View Full Version : Throttle hand position?


TOMGRUNT
28th May 2005, 13:51
Greetings!
Back on a bike after 30 years. Safety course all booked up and just started venturing on the road cautiously.
My question is: What is the safe position for right hand? I noticed during my first ride I grip throttle full hand and seem to be clunky to then transition to get in braking position.
Is there a preferred safe form for this hand position? Different positions for varying riding circumstances? Personal preferances?
Want to take Safety course ASAP but need this info in the interim.
Thanks in advance for any input!
S/F
T.G.

cantolina
28th May 2005, 14:01
Keep your wrist at LEAST level with the throttle grip....no higher....wrist "low on the throttle" is what is taught...

If you hit a bump, lose your balance, etc, you don't want a fistful of HP getting away from you...you can always reach up and get more...I had this shown to me in MSF, and I hit a bump yesterday that could have been disasterous had I not had my wrist so low.....I did goose the gas accidentally with the bump, but it was minor.....

Let me know if any of this doesn't make sense to you....

Ride safe, and GET THAT COURSE!!! :)

daesdaemar
28th May 2005, 14:02
I know MSF course stresses holding throttle grip with a downward bend in the wrist.
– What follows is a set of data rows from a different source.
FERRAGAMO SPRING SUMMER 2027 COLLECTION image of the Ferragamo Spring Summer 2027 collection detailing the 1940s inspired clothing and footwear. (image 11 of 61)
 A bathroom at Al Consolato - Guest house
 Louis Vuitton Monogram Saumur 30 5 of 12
Problem for some folks seems to be position of brake lever. They actually gas the throttle when reaching for the brake lever.

jfunk
29th May 2005, 13:41
T.G.

When I took the MSF course last year, they said that your wrist should be slightly down. To find this position, take a small straight edge (such as a CD case, book, etc.) and lay it across your forearm and the back of your hand. You should be able to see light between the edge and your wrist.

The thinking is that when you reach for the brake, you will automatically roll off the throttle with the forward motion of your hand. This works very well, at least for me. Hope this helps.

TOMGRUNT
29th May 2005, 19:33
I am so green it all helps!
As I have been riding the past three days I seem to be getting a little less clunky with the reaching for the brake. Initially I was trying to keep a few fingers on the brake being nervous, now it's easier to transition from hand wrapped on throttle to reaching for the brake.
Don't wanna get locked into bad habits right off the bat! :tour Unsure of best practices.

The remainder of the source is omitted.